山ノ中ニ有リ>山行記録一覧>2002年山行一覧>2002年夏 - 黒部川上ノ廊下[1/8]
行き先として考えていたのは、この黒部川上ノ廊下と日高山脈縦走だった。私はどちらも行きたいのでどちらでもよかったのだが、岩登りをはじめた永谷君が日高のヤブを嫌がったので、上ノ廊下ということになった。上ノ廊下だけでは1週間足らずで登れてしまうので、おまけに槍穂縦走を付け加えた。車にも意見を求めたかもしれないが、車がどこに行きたいのか希望を述べていたのかは覚えていない。
なぜ黒部川上ノ廊下かといえば、私が小学生の時に知っていたことによるのが大きい。私は小学生のとき富山県に住んでおり、そのときに立山や乗鞍岳に親につれられて登った。家には立山周辺のアルペンマップがあり、親に聞いたりして黒部川上ノ廊下なるところを知っていた。子供のときのイメージはとにかく難しくて危ないところ、でもスケールの大きい沢である、といったところである。行けるものなら行ってみたいという漠然とした憧れを抱いていた。

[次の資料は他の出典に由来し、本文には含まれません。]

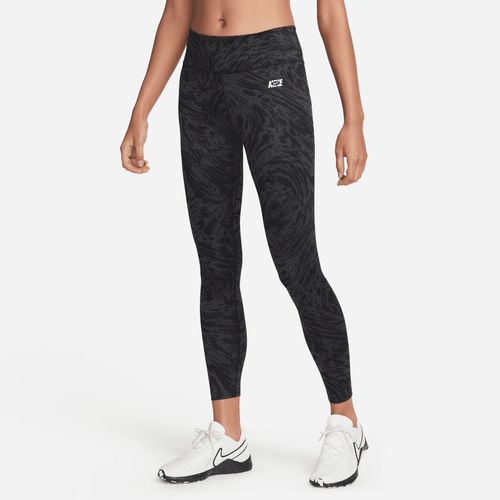 Nike One Icon Clash 7/8-legging met hoge taille en print voor dames - Zwart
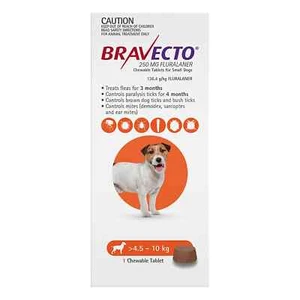 Bravecto (3 Month Chew) Orange For Small Dogs 4.5-10kg 1 Chewable Tablet Pack - Picture 1 of 2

大学生になってから沢登りをやるようになっても、本を読むと5級と書いてあり、「難しくて自分には行けないだろう」と思っていた。だが、文登研でいっしょの班だった東京学芸大学の人が登っており、「全然難しくなかった」と言っていたことから、現実味がわいてきた。そこで、この合宿の機会に行動にうつしたのである。
OBの初川さんに計画を話すと、初川さんも行きたいところだったらしく、いっしょに行くことになった。これでメンバーは4人であり、1年生がいない、OBのいる、合宿らしくない合宿になってしまった。
情報収集は『ROCK & SNOW BOOKS 沢登り』(山と渓谷社,2001)などの本を見たり、文登研で一緒の班だった学芸大の石田君に電話で聞いたりした。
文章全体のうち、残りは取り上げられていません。